## WHAT THE EXERCISE ASKS
Transcribe the listing in full, word for word; pictures do not belong in the copy.

==== COLLECTED DATA

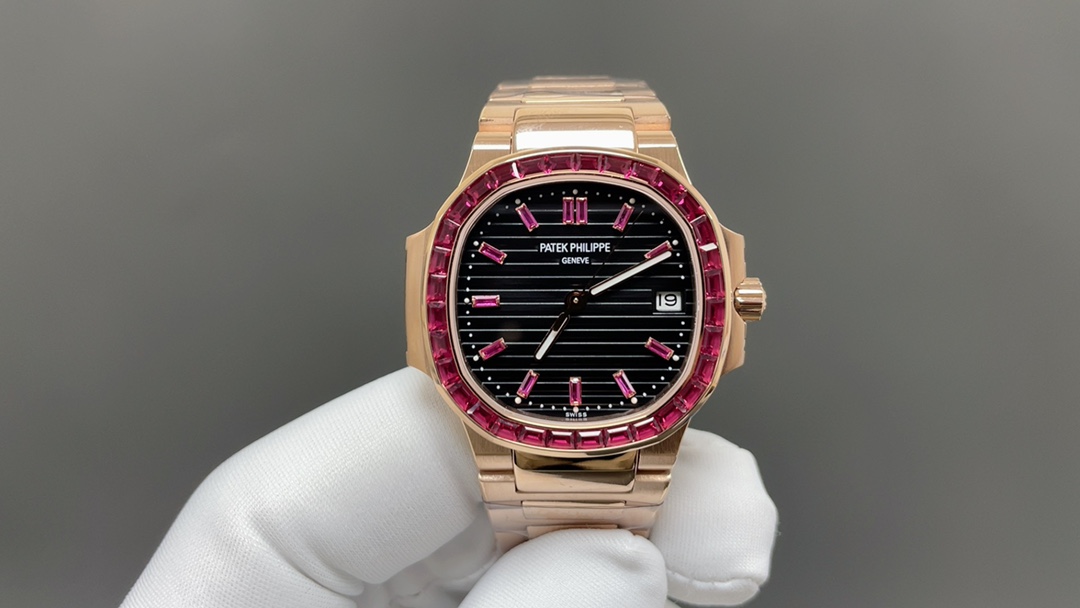 NO:553458,Dream love watch Patek Philippe hidden women's watch Nautilus GR Factory 2025 latest masterpiece Patek Nautilus series high-value women's watch, ceiling style, all eight diamonds [2025 super masterpiece top version] Patek Philippe sporty and elegant Nautilus women's watch P is coming!  Welcome to compare the details 1. Paired with customized version of 9015 machine-modified Cal.324sc automatic movement, 45 hours of kinetic energy storage, vibration frequency of 28800 per hour. 2316L customized ergonomic strap!  3Watch size 35.2MM 4Inlaid with ruby, sapphire, emerald, white T-square gems of different colors 5Double-sided anti-glare sapphire crystal glass. 6The color of the letters is consistent with the original. 'No one can own a Patek Philippe, it is just kept for the next generation.' Elegant and majestic, it perfectly interprets the fashion taste of working women, while being elegant and yet powerful and domineering. Factory2025's ingenious masterpiece welcomes watch friends to review, patek  philippe19860909梦中情表百达翡丽隐藏款女表鹦鹉螺GR Factory2025最新力作 百达鹦鹉螺系列高颜值女表,天花板款式,八大金刚全齐【2025超神之作 顶级版本】百达.翡丽运动优雅鹦鹉螺女款腕表P强势来袭！欢迎对比细节 1搭配定制版9015机改Cal.324sc自动机芯,动能储存45小时,振频28800每小时. 2316L定制级人体工程学表带！ 3腕表尺寸35.2MM 4镶嵌红宝石,蓝宝石,祖母绿,白T方砖不同色彩的宝石 5表镜双面防眩目蓝宝石水晶玻璃. 6字面色泽均与正品一致. “没人能拥有百达翡丽,只不过为下一代保管而已.” 优雅大气 完美演绎职场女性的时尚品味,在优雅之余又不失强悍霸气.Factory2025匠心力作 欢迎表友品鉴,,patek philippe,Watch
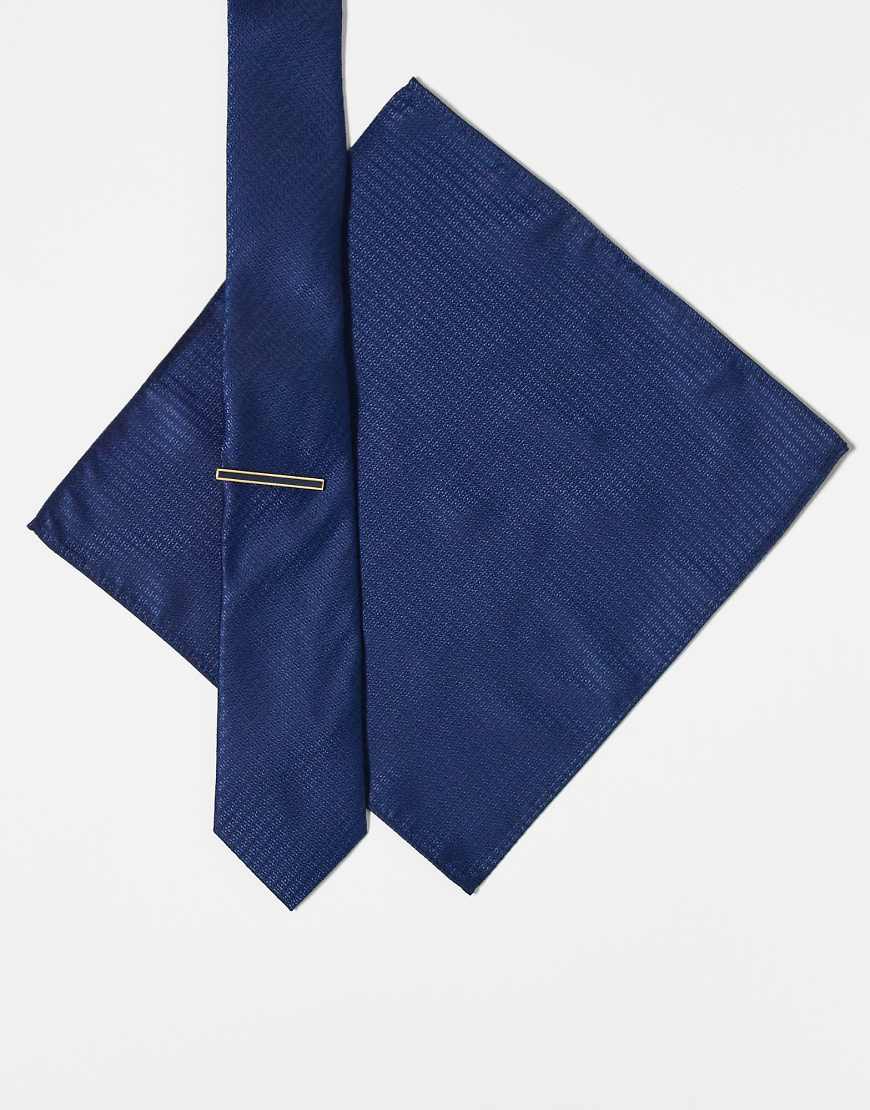 ASOS DESIGN - Set aus Satin in Marineblau mit strukturierter Krawatte mit Krawattennadel und Einstecktuch von ASOS DESIGN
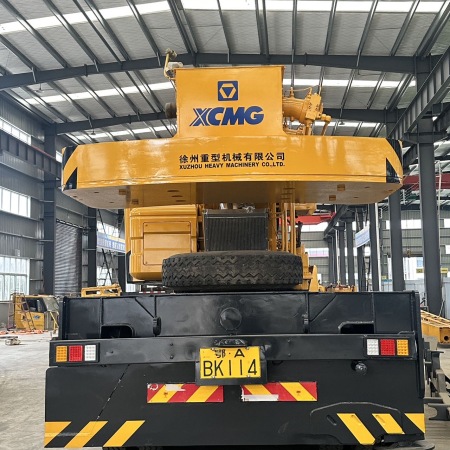 徐工QY50KA汽车起重机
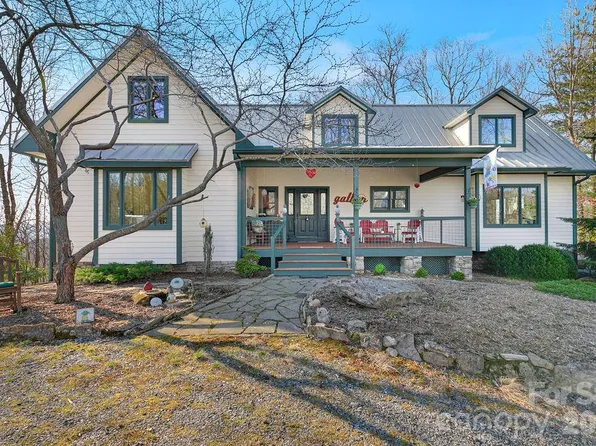 40 Walnut Ridge Cir, Brevard, NC 28712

========

## ANSWER BOX
 NO:553458,Dream love watch Patek Philippe hidden women's watch Nautilus GR Factory 2025 latest masterpiece Patek Nautilus series high-value women's watch, ceiling style, all eight diamonds [2025 super masterpiece top version] Patek Philippe sporty and elegant Nautilus women's watch P is coming!  Welcome to compare the details 1. Paired with customized version of 9015 machine-modified Cal.324sc automatic movement, 45 hours of kinetic energy storage, vibration frequency of 28800 per hour. 2316L customized ergonomic strap!  3Watch size 35.2MM 4Inlaid with ruby, sapphire, emerald, white T-square gems of different colors 5Double-sided anti-glare sapphire crystal glass. 6The color of the letters is consistent with the original. 'No one can own a Patek Philippe, it is just kept for the next generation.' Elegant and majestic, it perfectly interprets the fashion taste of working women, while being elegant and yet powerful and domineering. Factory2025's ingenious masterpiece welcomes watch friends to review, patek  philippe19860909梦中情表百达翡丽隐藏款女表鹦鹉螺GR Factory2025最新力作 百达鹦鹉螺系列高颜值女表,天花板款式,八大金刚全齐【2025超神之作 顶级版本】百达.翡丽运动优雅鹦鹉螺女款腕表P强势来袭！欢迎对比细节 1搭配定制版9015机改Cal.324sc自动机芯,动能储存45小时,振频28800每小时. 2316L定制级人体工程学表带！ 3腕表尺寸35.2MM 4镶嵌红宝石,蓝宝石,祖母绿,白T方砖不同色彩的宝石 5表镜双面防眩目蓝宝石水晶玻璃. 6字面色泽均与正品一致. “没人能拥有百达翡丽,只不过为下一代保管而已.” 优雅大气 完美演绎职场女性的时尚品味,在优雅之余又不失强悍霸气.Factory2025匠心力作 欢迎表友品鉴,,patek philippe,Watch
 ASOS DESIGN - Set aus Satin in Marineblau mit strukturierter Krawatte mit Krawattennadel und Einstecktuch von ASOS DESIGN
 徐工QY50KA汽车起重机
 40 Walnut Ridge Cir, Brevard, NC 28712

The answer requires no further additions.